(Beginning of GIVEN INFORMATION)

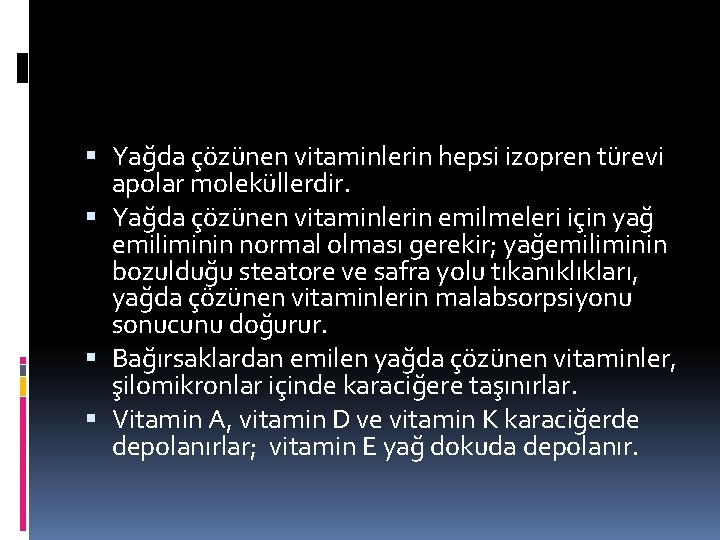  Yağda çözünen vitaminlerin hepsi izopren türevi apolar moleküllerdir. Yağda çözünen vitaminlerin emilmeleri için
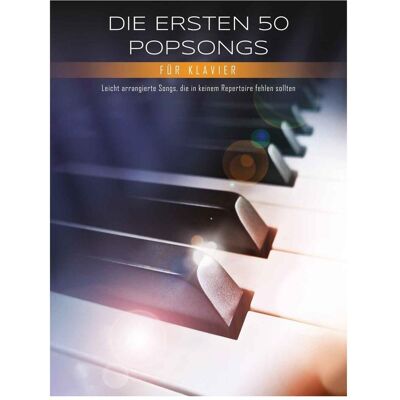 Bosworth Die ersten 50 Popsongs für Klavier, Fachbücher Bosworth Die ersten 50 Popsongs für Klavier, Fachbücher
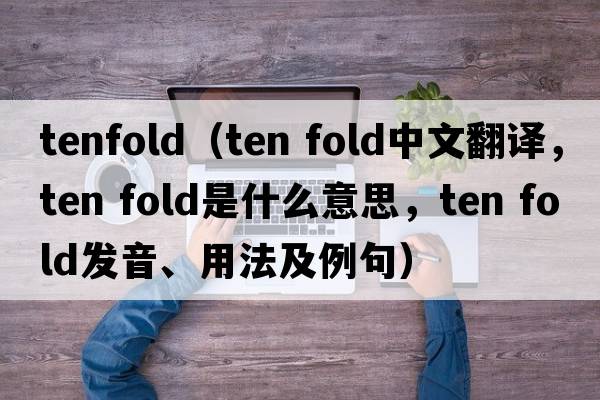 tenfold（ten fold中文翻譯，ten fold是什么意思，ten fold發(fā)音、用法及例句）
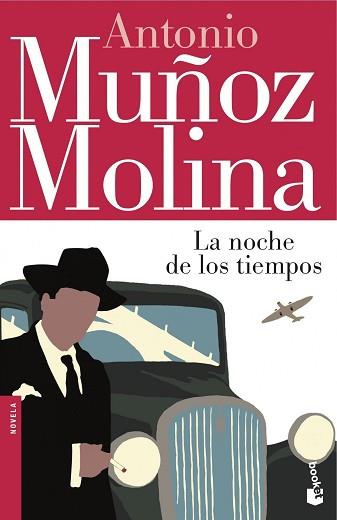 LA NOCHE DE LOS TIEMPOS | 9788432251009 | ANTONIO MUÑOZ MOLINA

(End of GIVEN INFORMATION)
(Beginning of GIVEN INFORMATION)

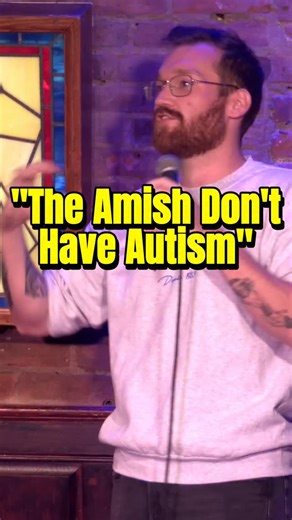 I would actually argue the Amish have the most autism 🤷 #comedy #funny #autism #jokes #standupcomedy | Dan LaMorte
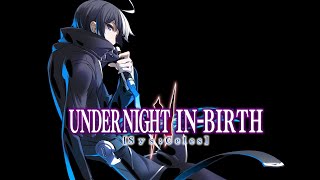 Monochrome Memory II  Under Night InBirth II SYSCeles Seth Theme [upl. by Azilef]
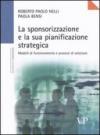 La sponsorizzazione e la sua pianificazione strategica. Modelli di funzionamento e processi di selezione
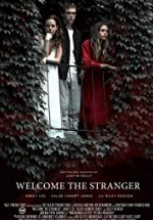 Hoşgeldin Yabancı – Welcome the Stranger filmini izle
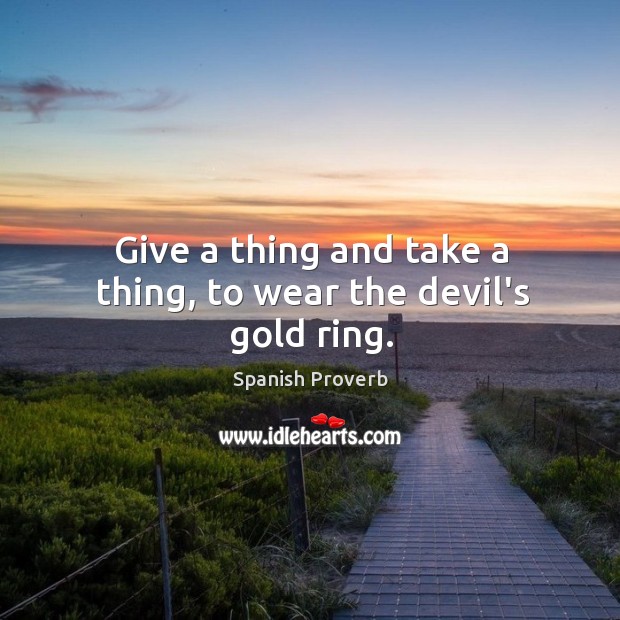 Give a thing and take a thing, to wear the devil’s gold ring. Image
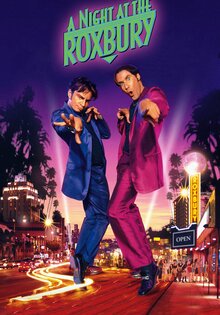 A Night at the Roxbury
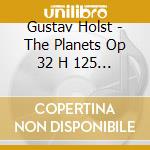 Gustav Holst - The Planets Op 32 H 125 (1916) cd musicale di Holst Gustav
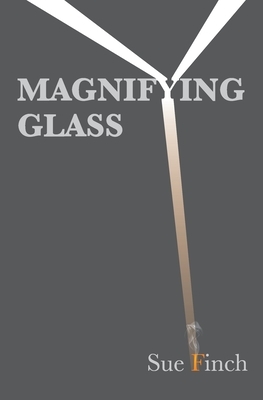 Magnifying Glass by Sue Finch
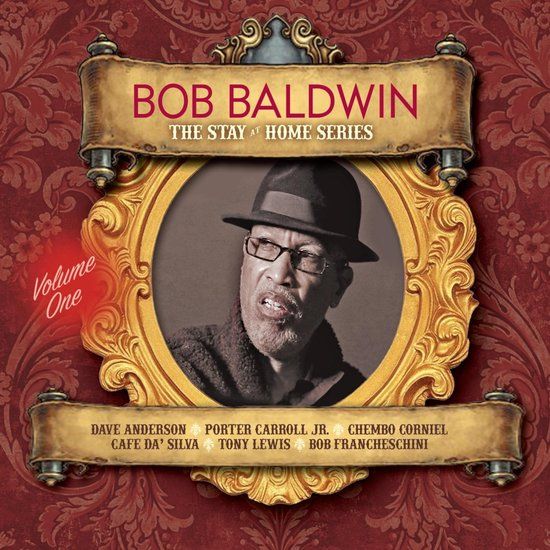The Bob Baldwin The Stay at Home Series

(End of GIVEN INFORMATION)

### TASK OBJECTIVE
Look above for the line with "La sponsorizzazione e" and the line with "The Bob Baldwin The Stay at Home Series", then copy them and all lines in between exactly as written, and only those, without any pictures.

### REPLY TO THE TASK
 La sponsorizzazione e la sua pianificazione strategica. Modelli di funzionamento e processi di selezione
 Hoşgeldin Yabancı – Welcome the Stranger filmini izle
 Give a thing and take a thing, to wear the devil’s gold ring. Image
 A Night at the Roxbury
 Gustav Holst - The Planets Op 32 H 125 (1916) cd musicale di Holst Gustav
 Magnifying Glass by Sue Finch
The Bob Baldwin The Stay at Home Series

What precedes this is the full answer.